I cant tell shit from the videos.,.
The 2.9 is kind of a rough engine...but it shouldnt be shaking things that bad.
Sounds like a missfire to me.
First check fuel pressure at schrader valve (on fuel rail, looks like a tire valve stem)...should be around 40psi
Whens last time it had plugs/wires/cap/rotor?
Lastly...check compression. 2.9s do believe it or not get worn out from time to time.
Also...pull codes on it see if you get anything.
Each cylinder needs 3 things to fire
Spark, at the right time
Fuel, in the right mix with air
Compression, above 140psi, and consistent across all cylinders
Of these 3 only one is solely mechanical so can be tested and either ruled out or confirmed as the problem, compression
You can chase your tail on spark and fuel "til the cows come home" but do that AFTER a compression test
Compression test should always be the first stop
Cold engine
Remove all 6 spark plugs first
Test each cylinder and write down results
It will be fairly obvious if one or two cylinders are "not like the others"
The exact numbers are not as important as the difference in the numbers
If 5 cylinder are 120-130psi and one is 90psi then that's the problem
Compression gauges are not calibrated daily, lol, so you are after the differences between majority and single cylinders
Compression does two things
Liquid gasoline can NOT be ignited by a spark, yes, the movie guys take liberties with that one
Compression heats up the gasoline which turns it into a Vapor, and a spark will ignite gasoline Vapor
Compression also has a rebound effect, like winding up a rubber band, the higher the compression the great the rebound
Lower compression in one or two cylinders will cause engine to shake
Each time a cylinder fires it adds power to the crank shaft, so if all cylinders are firing equally, adding the same power, then its smooth
If a cylinder is not firing or firing with lower compression it is not adding equal power to crank shaft and engine will start to shake, the power is "out of balance"
Higher RPMs can hide this imbalance but its still there
When I listen closer, I can hear it stumbling a bit at what seems like random times.
Fuel pressure was about 34 psi when I tested it if I remember right. I know it was from 30-40.
It's had two different brands of plugs within the last 2k miles to see if that made a difference (It didn't)
Wires are still OEM I believe.
Cap is brand new, rotor is not. I think the rotor is the OEM one, but not 100% sure.
Compression:
Cyl 1: 137.5
Cyl 2: 140
Cyl 3: 145
Cyl 4: 135
Cyl 5: 147.5
Cyl 6: 145
KOEO test didnt give any codes, supposedly passed all of them
KOER test gave codes 12, 33, 25, and 74
12 - idle out of range high (Weird considering It's idling around 750 rpm I think which is what it's supposed to be at according to the sticker on the radiator support)

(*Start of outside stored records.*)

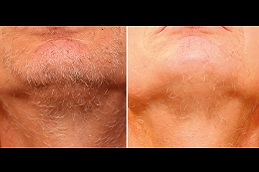 Best is-laser-hair-removal-cancerous Clinic in Dubai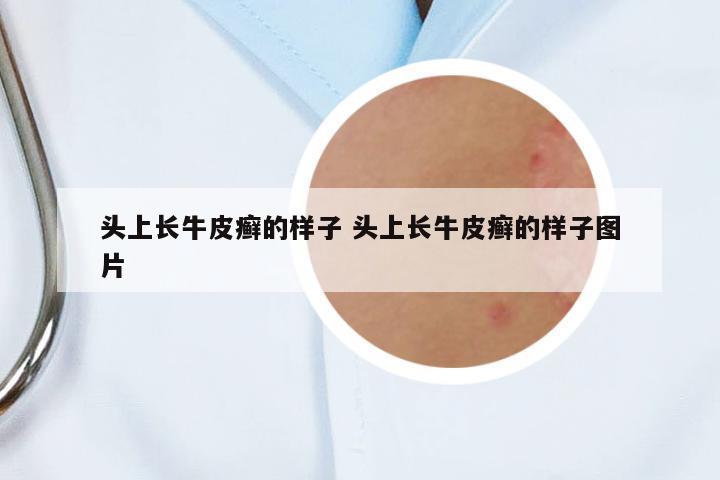 頭上長牛皮癬的樣子 頭上長牛皮癬的樣子圖片
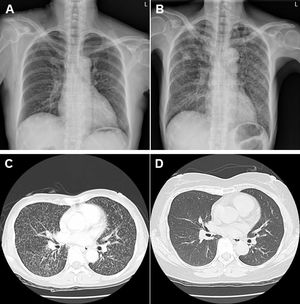 Clinical images of miliary TB in a RA patient receiving TNF mAb therapy. (A). A clear chest X-ray without any lung lesions before starting TNF mAb therapy. (B). Bilateral diffuse military lesions on chest X-ray after TNF mAb therapy. (C). Bilateral innumerable micronodular opacities on chest computed tomography after TNF mAb therapy. (D). Resolved bilateral military nodules on chest computed tomography after anti-TB treatment.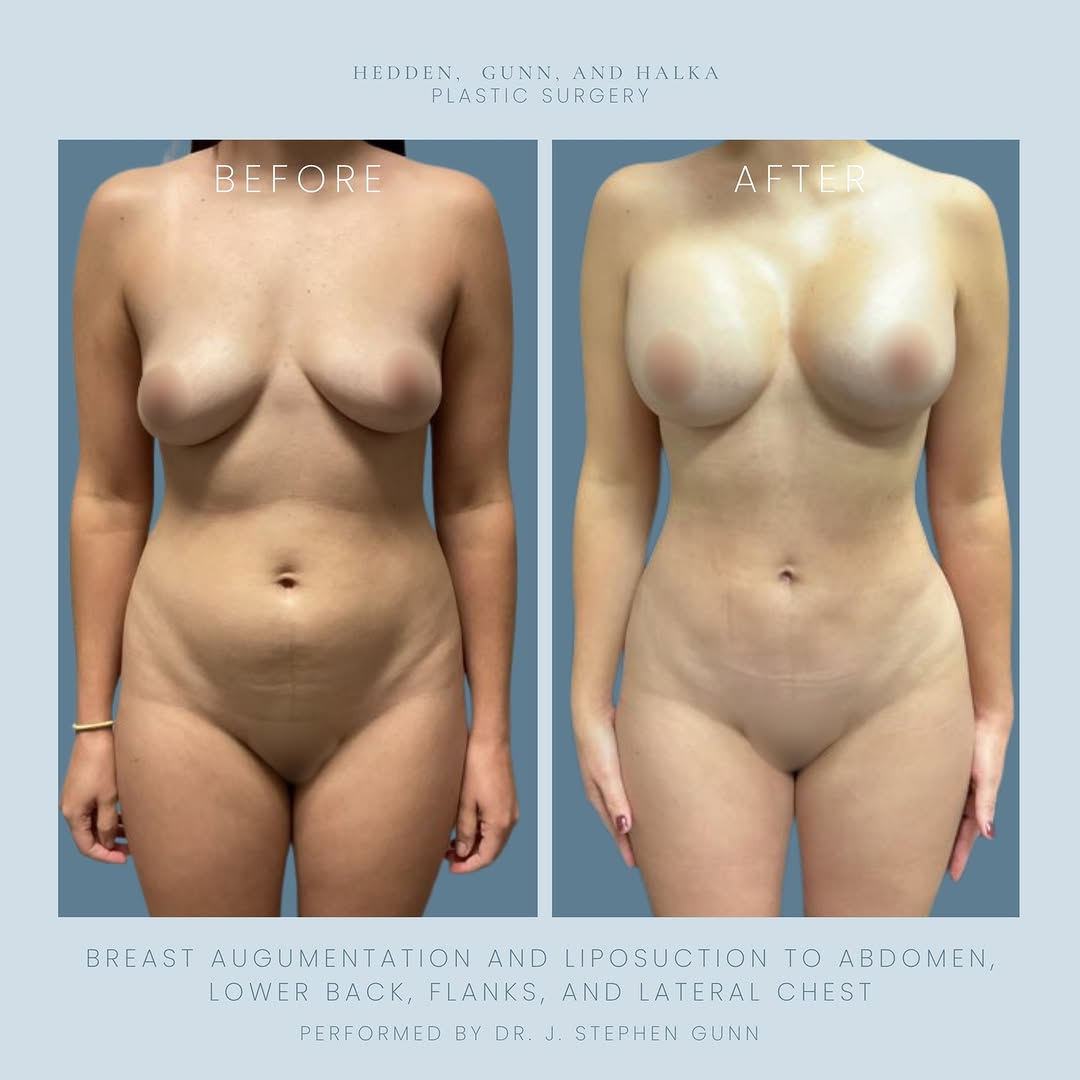 Instagram post by Dr. J. Stephen Gunn: Procedure Performed: Silicone Breast Augmentation and Liposuction to the abdomen, lower back, flanks, and lateral chest Patients Goals: Pati…
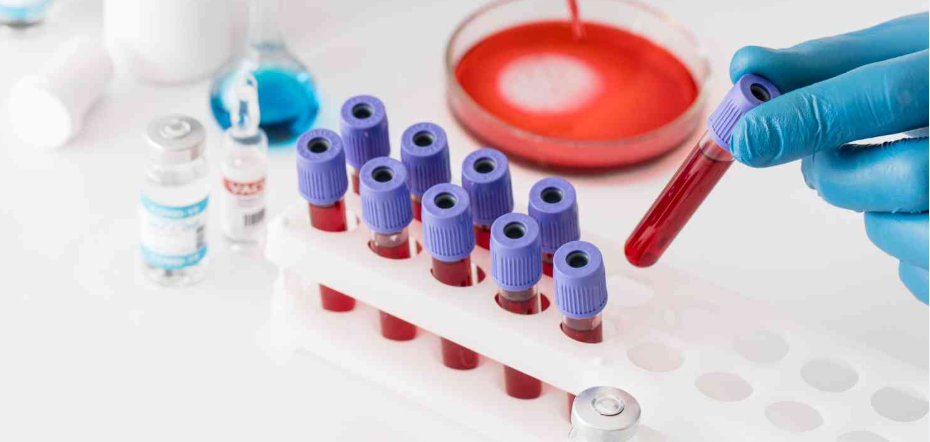 Utilizacion de tecnicas especificas para el diagnostico hematologico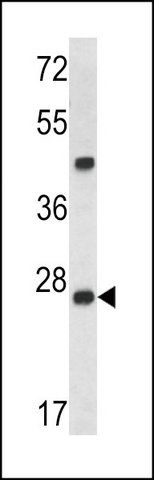 Anti-dcr-1 (center) antibody produced in rabbit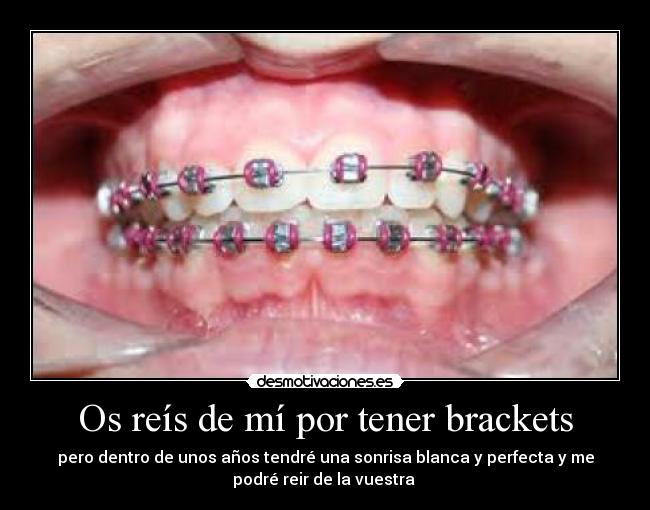 Os reís de mí por tener brackets - 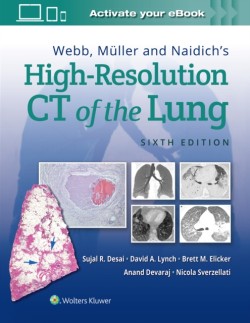 Webb, Muller and Naidichs High-Resolution CT of the Lung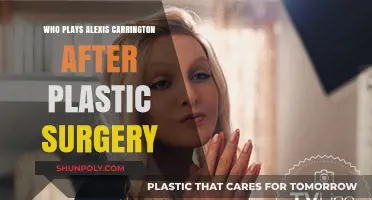 Alexis Carrington's Transformation: Post-Plastic Surgery Actress Revealed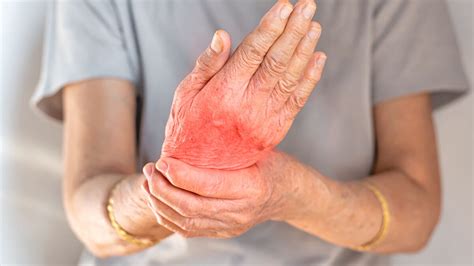 Asemanari Si Deosebiri Intre Afectarea Mainilor In Artroza Si In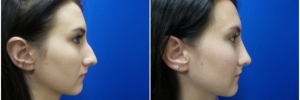 rhinoplasty-7-2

33 - EGR Valve fault/not closing properly (Replaced EGR valve and EGR vacuum solenoid about a year ago with Standard Motor Product ones)
25 - Knock not sensed during dynamic response test (don't know what this means)
74 - Brake on/off switch fault, not activated (don't know what this means)
While running the test it randomly blipped the throttle a little which was weird. I tried running the cylinder balance test, but I followed the instructions in my scanner booklet and nothing happened. It said to give it full throttle for a second then it would enter the cylinder balance mode test and take up to 5 mins. I let it idle for 5 mins, nothing about how it ran differed and nothing happened on the scanner.
I want to note that a couple months or so ago, I changed the ECU to one from an 86 Bronco Automatic and it ran great for about a day after putting it in, then went back to running like it used to and never ran as good as that again. It also seemed to have to relearn every time I shut the truck off. It would run weird for about 30 secs when starting it after shut down during the day it ran great.